Real World (4 tasks):
| Method | Put Bread | Open Drawer | Pour Balls (Complete) | Flower Arr. (Succ) | Flower (Avg Flowers) |
|---|---|---|---|---|---|
| ACT | 35% | 10% | 20% | - | - |
| Diffusion Policy | 40% | 20% | 20% | - | - |
| RISE | 75% | 40% | 25% | 50% | 0.6/3.0 |
| 2D Dense | 55% | 20% | 25% | - | - |
| 3D Dense | 85% | 45% | 60% | 70% | 1.0/3.0 |
Ablation Study (Tables)¶
Comparison of autoregressive paradigms (learning efficiency and final performance):
| Paradigm | Door | Bin Picking | Shelf Place | Box Close |
|---|---|---|---|---|
| Next-Token | Lower | Lower | Lower | Lower |
| Next-Chunk | Medium | Medium | Medium | Medium |
| Bidirectional (Dense) | Highest | Highest | Highest | Highest |
Bidirectional prediction demonstrates higher learning efficiency and a higher performance ceiling across all four challenging tasks.
Inference time and parameter count comparison:
| Policy | Parameters (Action Head) | Inference Time |
|---|---|---|
| ACT | Larger | ~Same as Dense |
| DP (Diffusion) | Dense + 9.19M | ~10× Dense |
| Dense Policy | Smallest | Fastest |
Key Findings¶
- Bidirectional dependency is critical: temporal steps in action sequences exhibit bidirectional dependencies that next-token prediction cannot capture.
- Greater advantage on long-horizon tasks: the relative advantage of Dense Policy is most pronounced in Flower Arrangement (long-horizon, multi-object), achieving 70% vs. 50% success rate.

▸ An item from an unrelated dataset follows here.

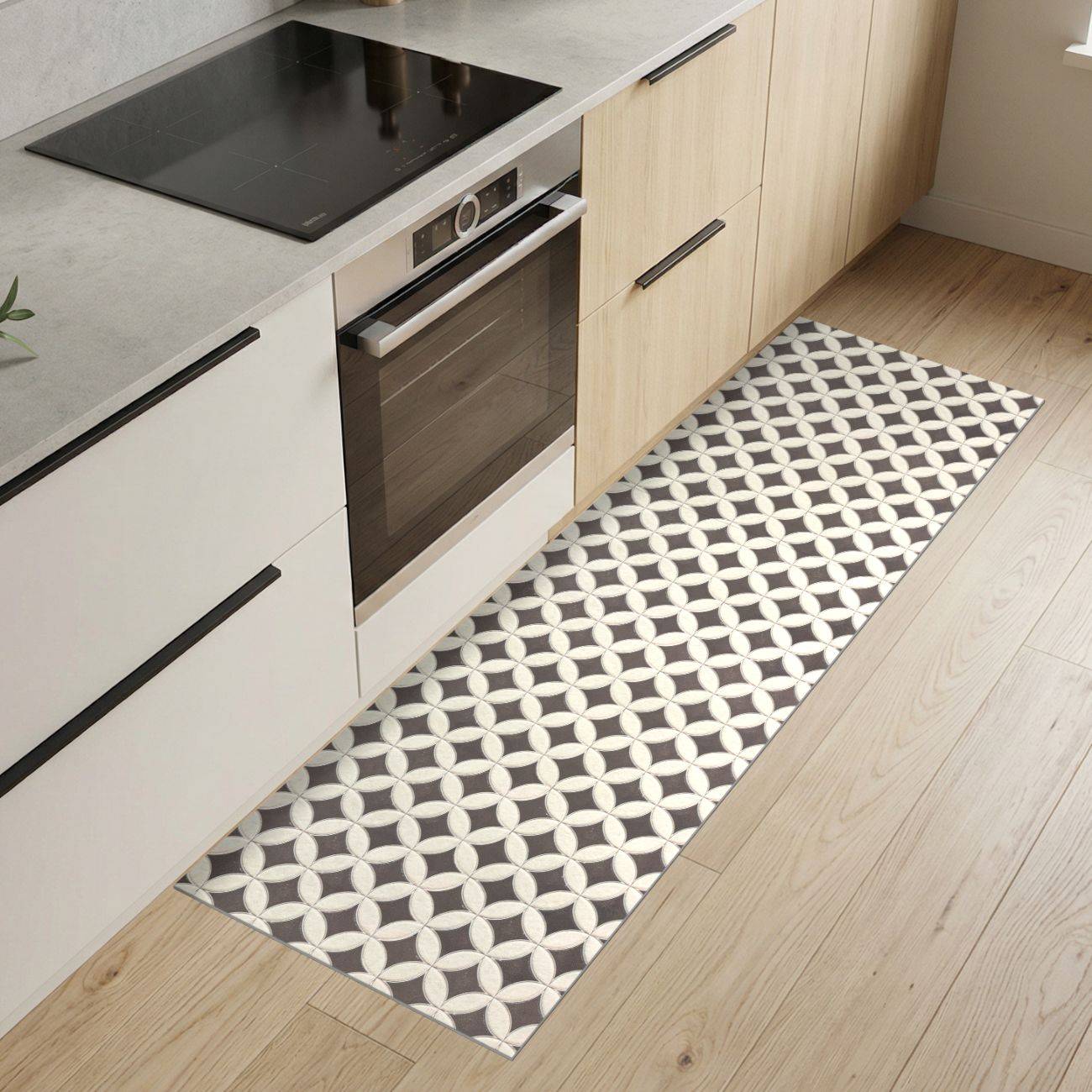 Moderne Küche mit hellen Holzschränken, eingebautem Ofen, schwarzem Kochfeld und einem gemusterten Läufer auf dem Boden.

- Improved action precision: strong performance on Peg Insert Side (contact-rich) and Pen Rotation (high-DoF dexterous manipulation).

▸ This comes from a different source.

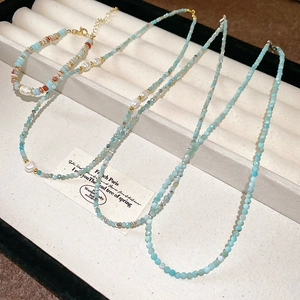 Detail of layered geometric pearl necklace with light blue stones and gold clasp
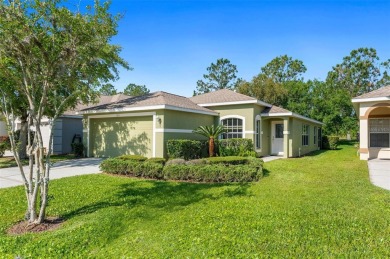 THIS GATED GOLF COMMUNITY HOME IS SITUATED ON THE 13TH HOLE OF on Plantation Palms Golf Club in Florida - for sale on GolfHomes.com, golf home, golf lot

- More stable training: avoids the training instability of ACT by eliminating variational inference and multi-step denoising.

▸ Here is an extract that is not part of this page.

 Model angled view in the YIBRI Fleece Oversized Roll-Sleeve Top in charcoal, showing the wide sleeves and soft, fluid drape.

- Logarithmic-time inference: \(O(\log T)\) complexity, significantly faster than next-token's \(O(T)\).
Highlights & Insights¶
- Coarse-to-fine action generation paradigm: analogous to how humans plan keyframes before refining details, offering a novel perspective on action sequence modeling.
- First application of bidirectional autoregression to action space: challenges the assumption that autoregressive = unidirectional, demonstrating the effectiveness of bidirectional expansion in continuous action spaces.
- Efficiency of the encoder-only architecture: a shared encoder handles multi-level action representations, substantially reducing parameter count.
- Logarithmic-complexity inference: achieves extremely fast inference without sacrificing performance.
Limitations & Future Work¶
- Extension of Dense Policy to a general-purpose VLA (Vision-Language-Action) model remains unexplored.
- Scalability and stability on large-scale foundation models have not been validated.
- 2D Dense Policy is still limited by its 2D representation on tasks requiring complex spatial reasoning.
- Occasional over-gripping issues arise in the ball-pouring task; adaptive error-correction capability warrants improvement.
- The horizon \(T\) must be a power of two, limiting flexibility.
Related Work & Insights¶
- BERT's bidirectional contextual learning → bidirectional action expansion in Dense Policy.
- Non-raster-order autoregressive image generation in MAR/SAR → bidirectional generation in action space.
- Complements rather than replaces Diffusion Policy and ACT, highlighting the untapped potential of autoregressive policies.
- Inspires the application of similar hierarchical expansion strategies to trajectory planning and motion generation.
Rating¶
- Novelty: ⭐⭐⭐⭐⭐ Bidirectional autoregressive action generation is a genuinely new paradigm; the coarse-to-fine hierarchical design is elegant.
- Experimental Thoroughness: ⭐⭐⭐⭐⭐ Covers 11 tasks across 3 simulation benchmarks plus 4 real-world tasks, with full 2D/3D coverage and thorough ablation studies.
- Writing Quality: ⭐⭐⭐⭐ Method motivation is clear with well-articulated differentiation from prior work.
- Value: ⭐⭐⭐⭐⭐ Opens a new direction for autoregressive policies in robotic manipulation.